The Chinese Mint as we know it began in 1896 under the Qing Dynasty government, when it was called the Centralized Mint. The Duzhibu Printing Bureau was established in 1908 at Beijing’s Banknote Printing Plant, followed later by the Shangjing Mint founded by Mao Tse Tung. After some time, these facilities merged to form today’s China Banknote Printing and Minting Corporation, often referred to as the Chinese Mint. It is overseen by the People’s Bank of China and controlled by the government of the People’s Republic of China.
At the beginning of the Second Sino-Japanese War (in 1937) and through World War II, the Chinese government began spreading the mint into several branches across the country, including cities like Wuchang, Lanjou, Qunming, and Kuailin. Shortly after, China’s nationalist government—along with the mint—fled to Taiwan. During this time, Mao Tse Tung led the revolutionary efforts against Japanese occupation.
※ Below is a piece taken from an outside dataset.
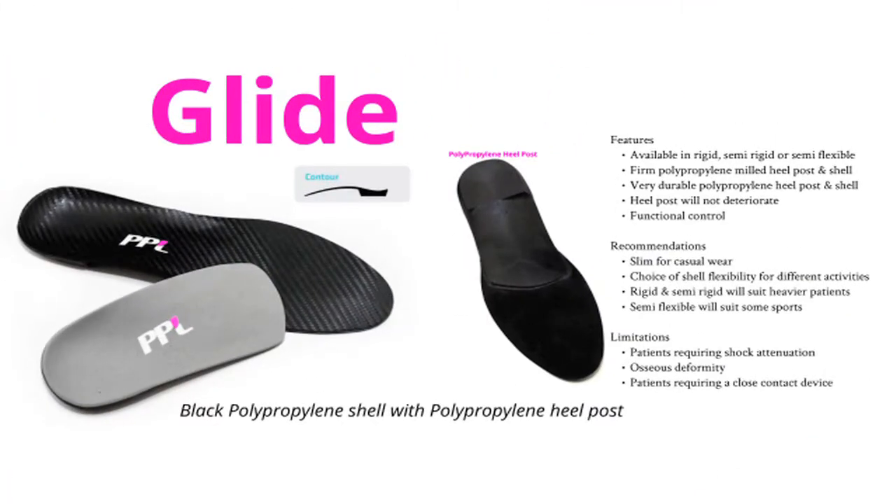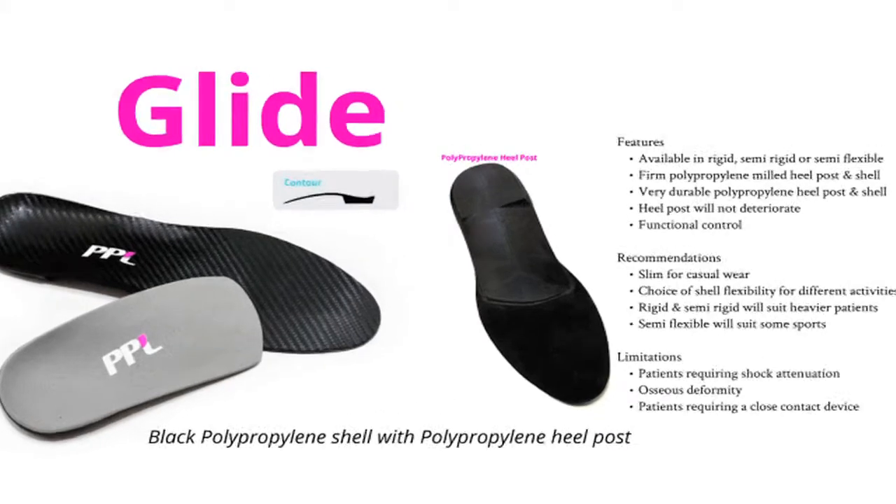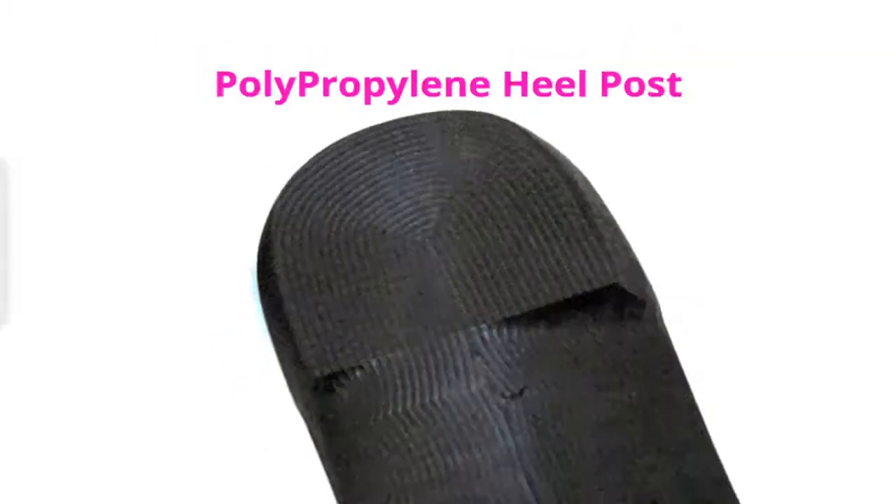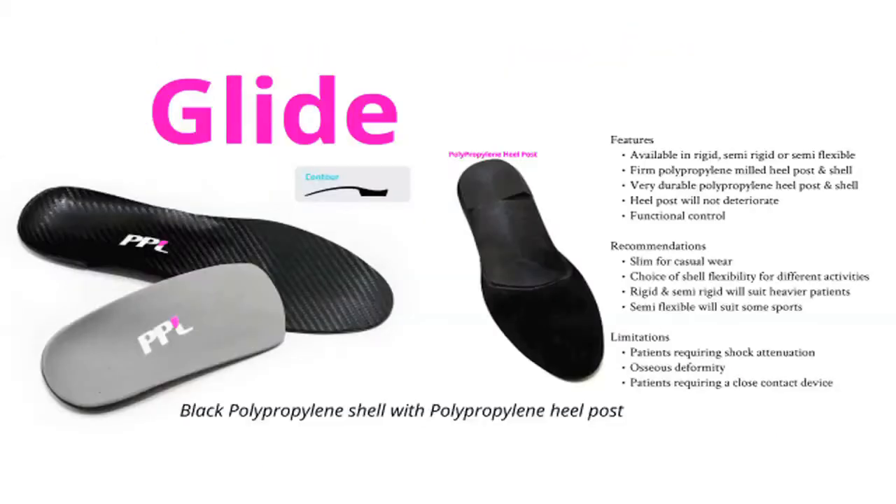Our Glide device is manufactured from black polypropylene with a polypropylene heel post. Here you can see the polypropylene heel post. As with all of our polyprop devices, you have the option to order different shell thickness in the form of rigid, semi-rigid or semi-flexible depending on your patient's requirements.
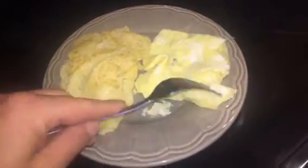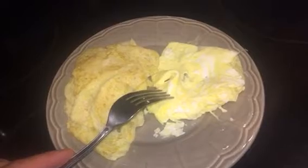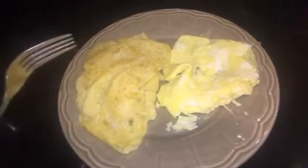It tastes like an egg. It also tastes like an egg. Okay, they're both different colors for whatever reason. I think I like this one better — it tastes fresher. That's the fresh egg. Okay, so that's the fresh egg.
At the end of WWII in 1945, China was released from the Japanese when the US defeated their forces. After a long occupation, China’s nationalist government struggled to regain control over the nation.
While the governmental structure of the Chinese Mint left for Taiwan, the physical facilities of the modern mint have been long established. Current operating facilities are located in Shenyang, Shanghai, Beijing, Shenzhen, and Nanjing.
The Chinese Panda Coin Series
The Chinese Mint is known for their beloved Panda bullion series, which was introduced in 1982 when the first Gold Panda was released—in both bullion and proof versions. These coins were struck in .999 fine gold with a variety of weight options.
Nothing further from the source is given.